Taxe sur les résidences secondaires: "C'est comme attaquer une institution"

S’en prendre aux résidences secondaires, c’est comme attaquer Voltaire, Léon Marchand ou Louis XIV, c’est attaquer une institution. Symboliquement, c’est s’en prendre à une liberté. Celle de fuir. Fuir le quotidien, fuir l’ennui, fuir les habitudes.
Les résidences secondaires, c’est aussi ça : un endroit où on nous fout la paix. Vouloir les surtaxer, c’est du populisme. D’autant que les Français aiment particulièrement les maisons de campagne. Ils les aiment tellement que la France est championne d’Europe des résidences secondaires. Elles représentent plus de 10% du parc immobilier. Entre 2008 et 2022, ça n’a pas cessé de progresser. Alors ça baisse un peu depuis, mais ça reste considérable.

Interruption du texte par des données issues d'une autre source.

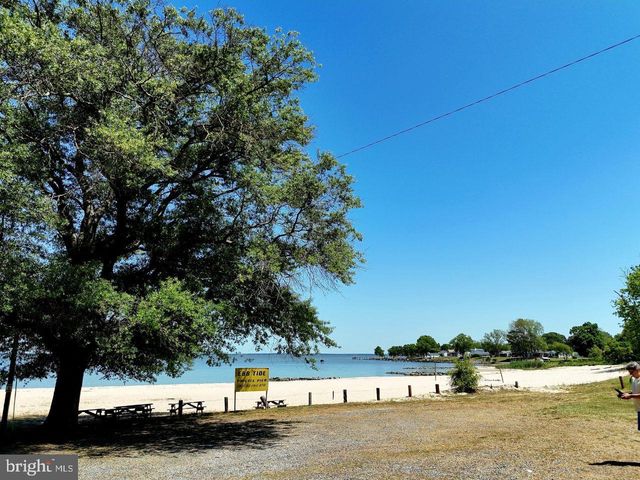 188 NICHOLSON DR, Colonial Beach, VA 22443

Profiter de la douceur de vivre
Le phénomène n’est pas nouveau. Le boom commence à la fin des années 1940 et explose jusqu’à la fin des années 1960. Ça correspond en gros à la présidence du général de Gaulle et fait partie de ce qu’on appelle "la société du loisir". L’idée, c’était de travailler moins et de profiter de la vie. Tout le monde avait une voiture. On partait pour la mer, on passait le week-end à la campagne. On construisait des stations balnéaires, comme la Grande Motte. Bref, on avait décidé que la douceur de vivre, c’était pas que pour les riches.
Parce qu’avant, les résidences secondaires étaient réservées à des gens très très privilégiés, et ça date de l’Antiquité. Au Ier siècle avant Jésus-Christ, à Rome, il y avait quasiment 1 million d’habitants. La densité de peuplement était proprement délirante. Même si les riches vivaient mieux que les pauvres, c’était pas très agréable. Donc les Romains avaient pris l’habitude d’avoir ce qu’on appelait des Villas, c’est-à-dire des domaines, souvent agricoles, à la campagne. Ça permettait d’échapper à la chaleur de la ville et surtout de fuir la promiscuité.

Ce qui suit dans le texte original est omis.